Hay muchos seguidores
de una película como Air Force One,
pero, sin embargo, nunca me pareció una película que estuviera a la altura del
talento de Petersen. Fue como si el director renegara por completo de su
formación europea y se adecuara a los gustos americanos poniendo a su
presidente de héroe improbable en una aventura sin demasiado sentido, todo ello
acrecentado por la excesiva caracterización que Gary Oldman imprimió al villano
mientras que Harrison Ford representaba todo lo bueno y ejemplar del ideal
norteamericano. Cuando fui al cine, ya parecía que el agobio no tenía tanta
cabida en esa visión un tanto acomodaticia.
Con La tormenta perfecta, Petersen volvió al
agua, medio que manejaba con gran precisión. Con escenas espectaculares y una
historia de interés humano, pareció como si la tristeza se instalara en él,
retratando a una serie de perdedores a los que la naturaleza engulle como
último plato de una furia encajada. George Clooney se aplica y se esfuerza y,
sin duda, el océano es un personaje más dentro de esta derrota entre las olas.

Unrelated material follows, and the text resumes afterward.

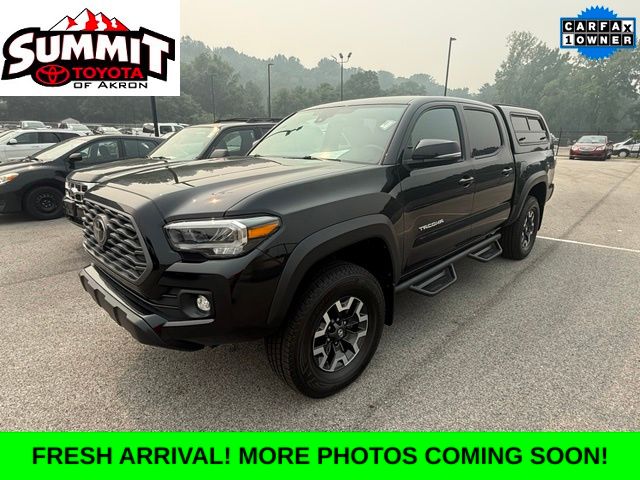 Midnight Black Metallic 2021 Toyota Tacoma Pickup Truck Four-Wheel Drive 6-Speed Manual
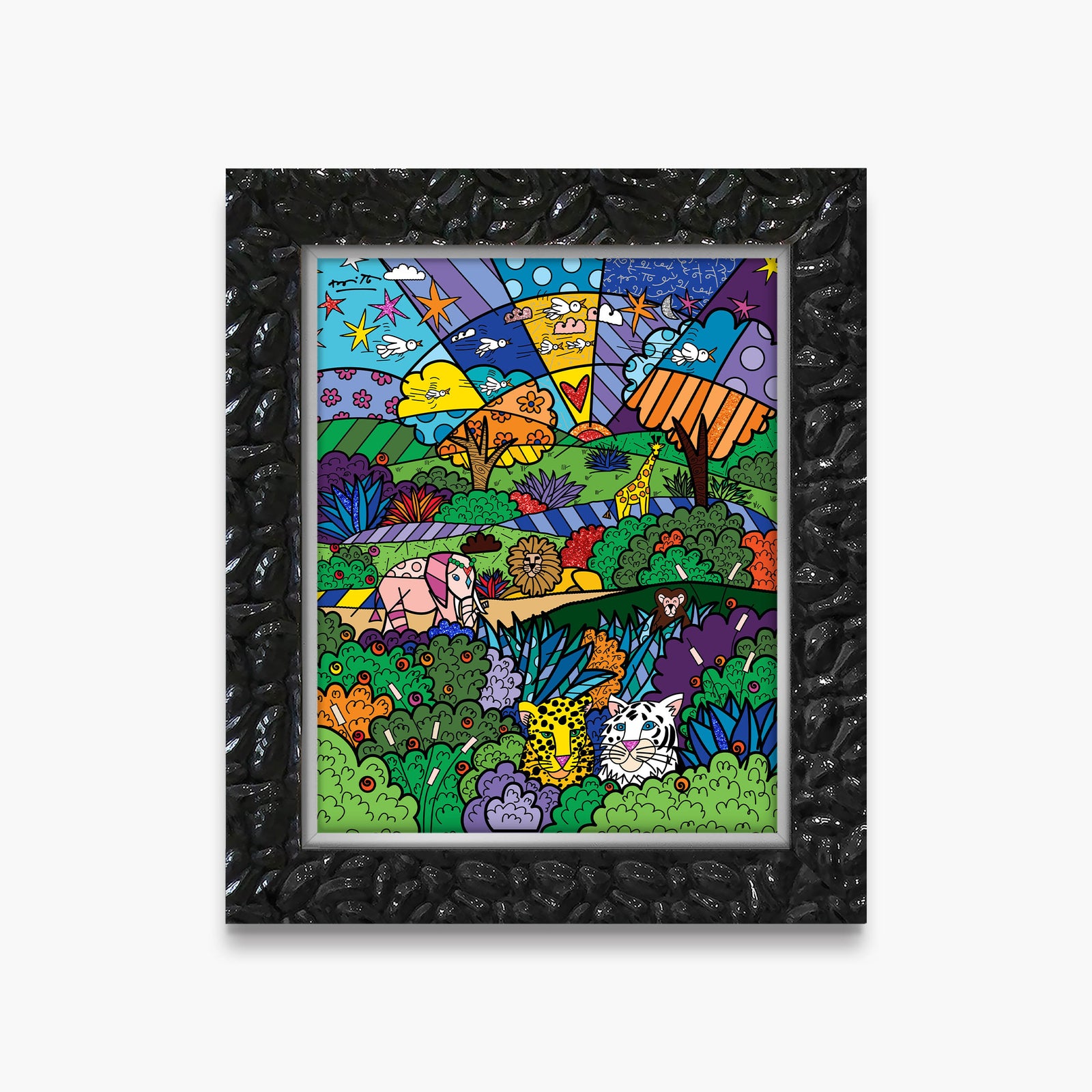 safari adventure limited edition print  colorful decorative collectible gift idea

Hay algo del director, pero parece estar de vuelta, como si de alguna manera
nos llegara a decir que las fuerzas comerciales de Hollywood habían ganado la
batalla y que ese cineasta sorprendente y vigoroso se dejaba avasallar por algo
contra lo que no podía luchar.
Cuatro años de parón
para describir Troya con las
suficientes dosis de espectacularidad. Y, a pesar de ser una película que se
ajustaba perfectamente a los cánones comerciales, se puede reconocer de nuevo
al creador que era capaz de sorprender con un material que nunca se ha llevado
al cine con resultados plenamente satisfactorios. Dejando aparte la encarnación
de Aquiles que realiza Brad Pitt y los devaneos de Eric Bana y de Orlando
Bloom, resulta casi gozoso comprobar cómo un actor de valía incomparable como
Peter O´Toole fue capaz de expresar con una mirada lo que otros tardaban varios
planos en transmitir. Además de algunas escenas de probada eficacia, es algo
que, tal vez, Wolfgang Petersen sabía destacar con singular habilidad.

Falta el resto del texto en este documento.